The traditional meaning of the Hanged Man is a sacrifice made willingly for the best.
♡ What to avoid. Death. I need to stop obsessing over death. I think about natural cycles all the time, particularly when my time will come and that of my loved ones. I loathe the idea of death because it takes my loved ones away and it keeps me fussing over time. Time is invisible, it really doesn't exist but it's one of the most valuable things that we uphold in modern-day society. I'm fed up with constantly being reminded about mortality in just about every aspect of my life. It has to stop!
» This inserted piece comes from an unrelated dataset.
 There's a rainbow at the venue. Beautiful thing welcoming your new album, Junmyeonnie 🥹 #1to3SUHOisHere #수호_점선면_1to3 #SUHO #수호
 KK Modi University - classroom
♡ What to strive for. Ten of Coins. Financial stability and completion of a cycle. Watch the perfection in how those coins are arranged, and the vibrancy that they radiate in pairs. To me, my ultimate goal is to relocate and to enjoy a normal working life with my own personal lifestyle. I don't feel that I get the luxury to live out that lifestyle even though I can't complain about my fairy-tale castle surroundings. I'm very comfortable at home, but I should still strive to get where I want to go.
♡ Anchor + Mountain. Long term stability. No action. I can relate this to the last card of the reading, but Lenormand is simple and should be read as is.
I really, really love the Lenormand Revolution. It's so beautiful! Shame that it's currently out of print.